Exercise brief:
Pictures in the records below must be left out. Return exactly the lines from the line with "Surrogate Mother by Williams, J. E., Sr." to the line with "Icon image Perry", both included.

Records to use:

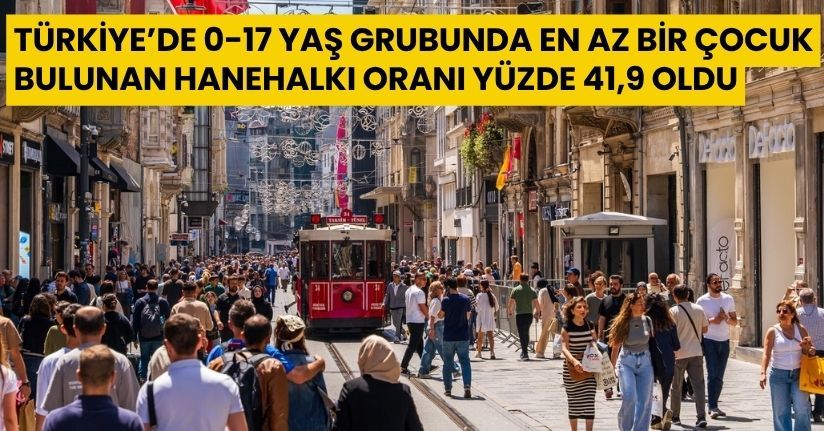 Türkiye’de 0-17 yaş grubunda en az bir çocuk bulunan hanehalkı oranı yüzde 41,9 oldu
---
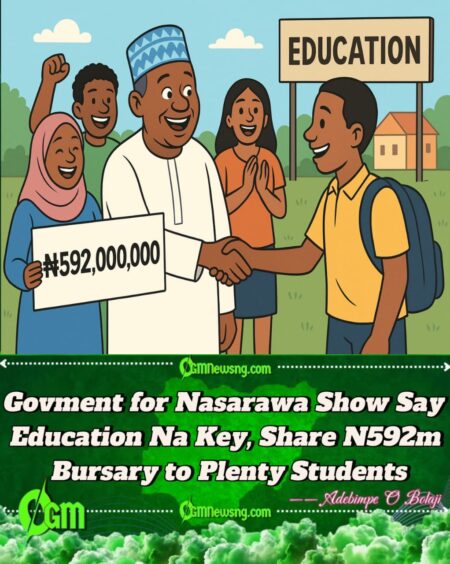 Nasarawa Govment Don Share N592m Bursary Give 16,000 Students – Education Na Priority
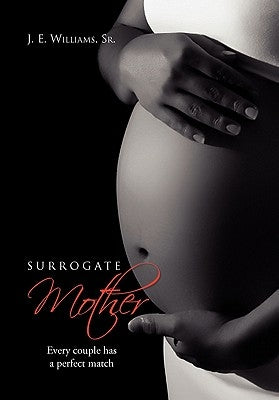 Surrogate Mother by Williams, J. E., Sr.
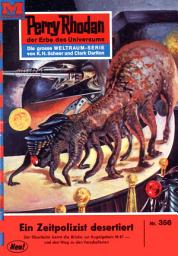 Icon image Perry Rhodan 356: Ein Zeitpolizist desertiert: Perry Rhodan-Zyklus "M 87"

Result:
 Surrogate Mother by Williams, J. E., Sr.
 Icon image Perry Rhodan 356: Ein Zeitpolizist desertiert: Perry Rhodan-Zyklus "M 87"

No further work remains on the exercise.